» To do: The pictures get dropped, while every remaining part of the listing is copied exactly.

» Data extract:
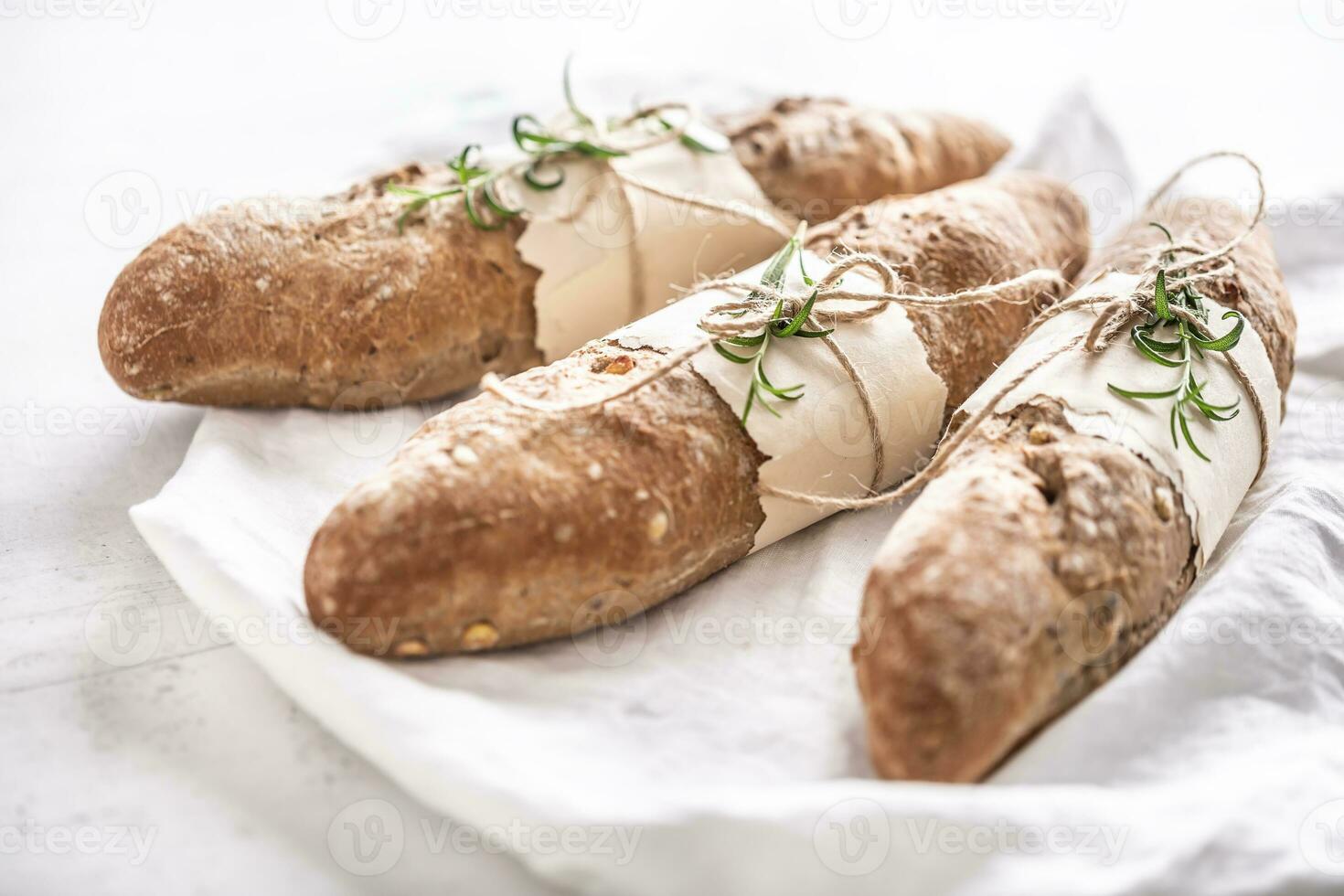 mjuk och knaprig baguetter från fullkorn mjöl på en vit bakgrund foto
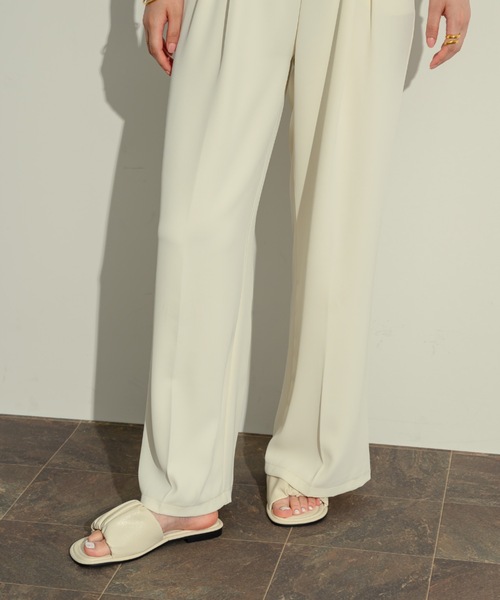 NEUNA（ヌナ）の「ギャザークッションサンダル（サンダル・レディース・アイボリー/ブラック・SMALL/MEDIUM/LARGE）」の22枚目の写真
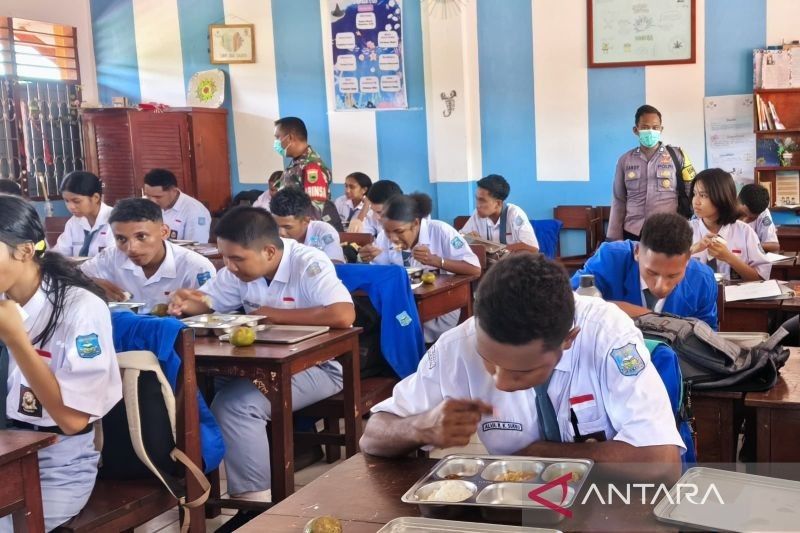 Program Makan Bergizi Gratis di Manokwari: Dampak Positif Bagi Siswa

» Answer:
 mjuk och knaprig baguetter från fullkorn mjöl på en vit bakgrund foto
 NEUNA（ヌナ）の「ギャザークッションサンダル（サンダル・レディース・アイボリー/ブラック・SMALL/MEDIUM/LARGE）」の22枚目の写真
 Program Makan Bergizi Gratis di Manokwari: Dampak Positif Bagi Siswa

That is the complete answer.